Free Agents (Cap Holds)
- Andre Miller ($11,711,592)
- JaVale McGee ($6,156,000)
- Rudy Fernandez ($5,451,108)
- (Wesley Person – $854,389)
- 1st Round (20th overall)
- 2nd Round (38th overall)
- 2nd Round (50th overall)
- Guaranteed Salary: $46,948,104
- Non-Guaranteed Salary, Cap Holds: $26,486,298
- Total (not including draft picks): $73,434,402
Over a year removed from the blockbuster trade that sent Carmelo Anthony to New York, the Nuggets have moved quickly to lock up their new franchise cornerstones. Three players acquired in that deal, Danilo Gallinari, Wilson Chandler, and Kosta Koufos, received extensions for three or more years, while veteran guard Arron Afflalo signed a five-year contract to stay in Denver.
While the Nuggets only have about $47MM committed to 2012/13 salaries so far, the offseason likely won't be about pursuing free agents as much as it will be about continuing to lock up their current players. JaVale McGee and Ty Lawson are next in line for potential long-term deals, with McGee facing restricted free agency this summer and Lawson entering the final year of his rookie contract. If both players receive new contracts from Denver in the coming months, the Nuggets will essentially have their core in place through 2016.
Of course, it's no guarantee that McGee will be re-signed or that Lawson will be extended.
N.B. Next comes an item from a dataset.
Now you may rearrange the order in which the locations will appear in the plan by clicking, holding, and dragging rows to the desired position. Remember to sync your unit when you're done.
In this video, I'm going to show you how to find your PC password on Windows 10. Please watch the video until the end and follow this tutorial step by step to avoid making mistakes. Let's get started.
McGee has only been a Nugget for a couple months, having been acquired from the Wizards in a deadline deal. He showed flashes of brilliance in the team's playoff series against the Lakers, and moving from Washington to Denver seemed to reduce the mental lapses and errors in judgment that plagued him as a Wizard. Typically, bidding is fierce for big men in restricted free agency, and perhaps the Nuggets would be unwilling to match an aggressive offer for McGee, but I fully expect them to at least think hard about matching offers up to $9-10MM.
Lawson may actually be the better bet to receive a long-term contract from Denver this summer, following an impressive third season in which he set career highs in PPG (16.4) and PER (19.4), among other categories. The Lawson that showed up in the postseason (19.0 PPG, 6.0 APG, 51.4 FG%) looked like a player on the verge of stardom, and one that the Nuggets won't want to let hit the open market next summer.
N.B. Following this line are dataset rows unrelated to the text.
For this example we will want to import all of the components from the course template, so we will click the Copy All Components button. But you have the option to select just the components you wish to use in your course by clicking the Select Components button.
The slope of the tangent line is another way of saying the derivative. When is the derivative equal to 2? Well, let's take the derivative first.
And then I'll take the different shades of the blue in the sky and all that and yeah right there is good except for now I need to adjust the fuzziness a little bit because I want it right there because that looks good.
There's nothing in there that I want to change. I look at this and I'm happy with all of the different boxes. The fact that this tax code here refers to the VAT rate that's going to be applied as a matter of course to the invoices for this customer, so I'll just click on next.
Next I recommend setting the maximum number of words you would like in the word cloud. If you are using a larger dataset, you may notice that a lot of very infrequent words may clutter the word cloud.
If the team re-signs McGee, its free agent options will likely be limited to the mid-level and bi-annual exceptions, but that wouldn't be a bad scenario — with McGee, Kenneth Faried, Al Harrington, and Koufos in the frontcourt, along with Gallinari, Chandler, Afflalo, and Corey Brewer on the wing, and Lawson manning the point, there are no glaring holes that need to be addressed in free agency. Another point guard will be necessary, whether that means re-signing Andre Miller or looking elsewhere, and if the Nuggets decide to amnesty Chris Andersen, acquiring another big would make sense. But the Anthony trade allowed Denver to address multiple positions in a single stroke, and the club can afford to look for value on the free agent market rather than desperately trying to land any particular player.
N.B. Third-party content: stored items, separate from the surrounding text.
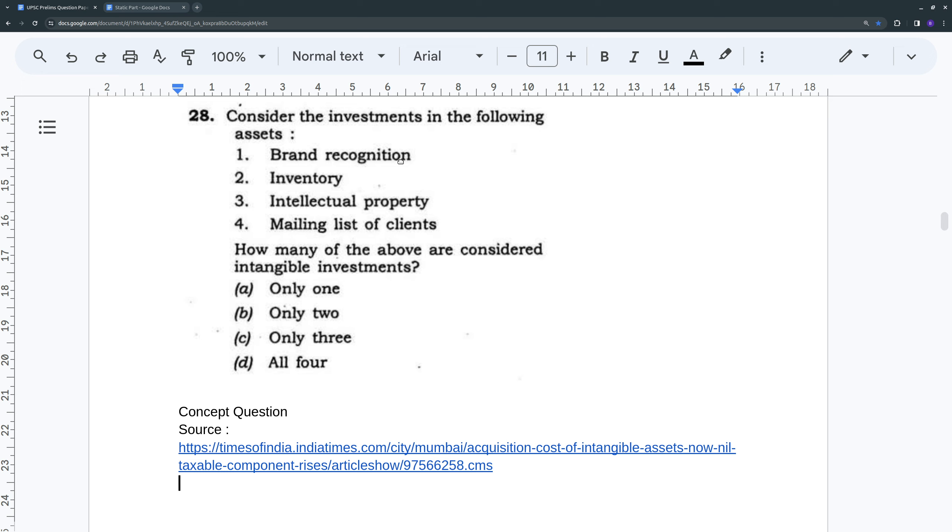If you see, brand recognition is easily such one thing. We cannot physically find that brand recognition, but you know that it is there. So that is an investment that a company can do. So brand recognition is one such intangible investment.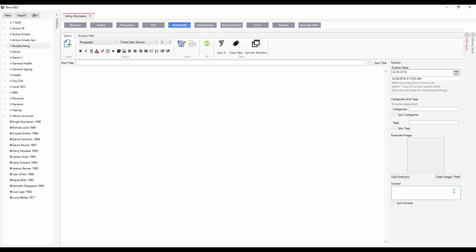For when you're mass posting to your PBNs, you can spin the categories, spin the tags, even spin the featured image and the excerpt, as well as all of the post content. You can have spun videos, spun images, and spin text in all of your posts, in all of the elements so that you're posting to your PBNs with all unique content.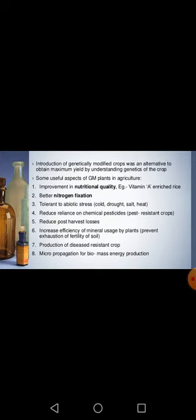The introduction of genetically modified crops was the alternative to obtain maximum yield by understanding the genetics of crops. Scientists decided to go for crop variety improvement, and by modifying the crops genetically, yield and productivity could be increased. They produced genetically modified plants for agriculture.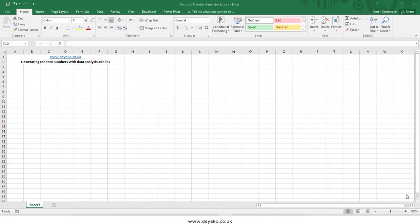In this video we want to talk about how we can generate random numbers in Microsoft Excel. By using the Data Analysis add-ins we can generate random numbers — going beyond what the RAND or RANDBETWEEN functions offer — and we can use different probability distributions.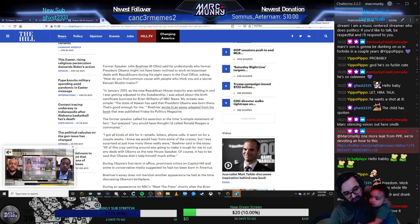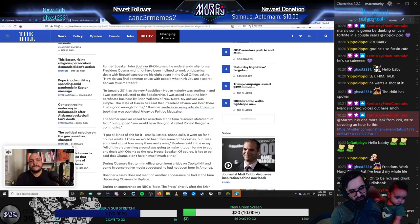Fuck Ted Cruz. Fuck Ted Cruz. Fucking Canadian Canuck piece of shit.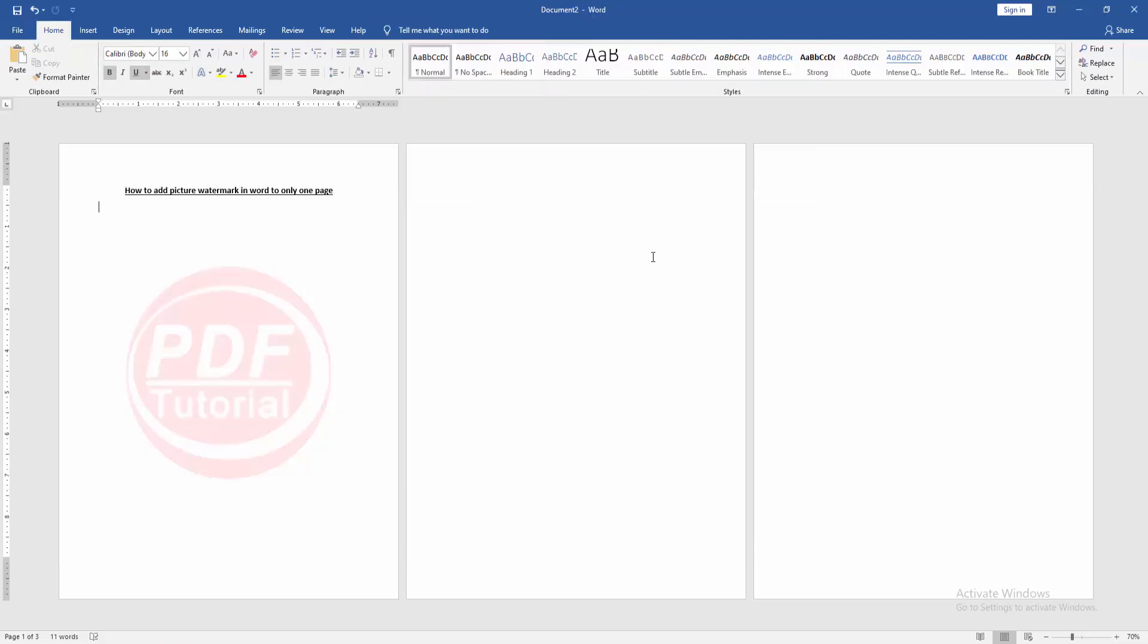Now we can see here we added picture watermark only one page very easily.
Also at the Nuggets' disposal is the 20th pick in the draft. If McGee isn't re-signed, that could be a spot to target a young center like Fab Melo, but otherwise the Nuggets have the freedom to take the best player available, which could end up being a guy like Moe Harkless, Quincy Miller, Tony Wroten Jr., or Marquis Teague. With no need to insert a rookie into the rotation, the team could even consider selecting French guard Evan Fournier and stashing him overseas for the immediate future.
The Nuggets' roster is well-constructed, with balance at every position and no obvious weaknesses. Time will tell whether this young squad can develop into a legit contender without an elite, go-to scorer like Anthony, but for this summer at least, I expect the Nuggets to continue the approach they've taken since the 'Melo deal. In addition to maintaining strong depth throughout the roster, that will mean locking up the young players that figure to be part of the nucleus in Denver for years to come.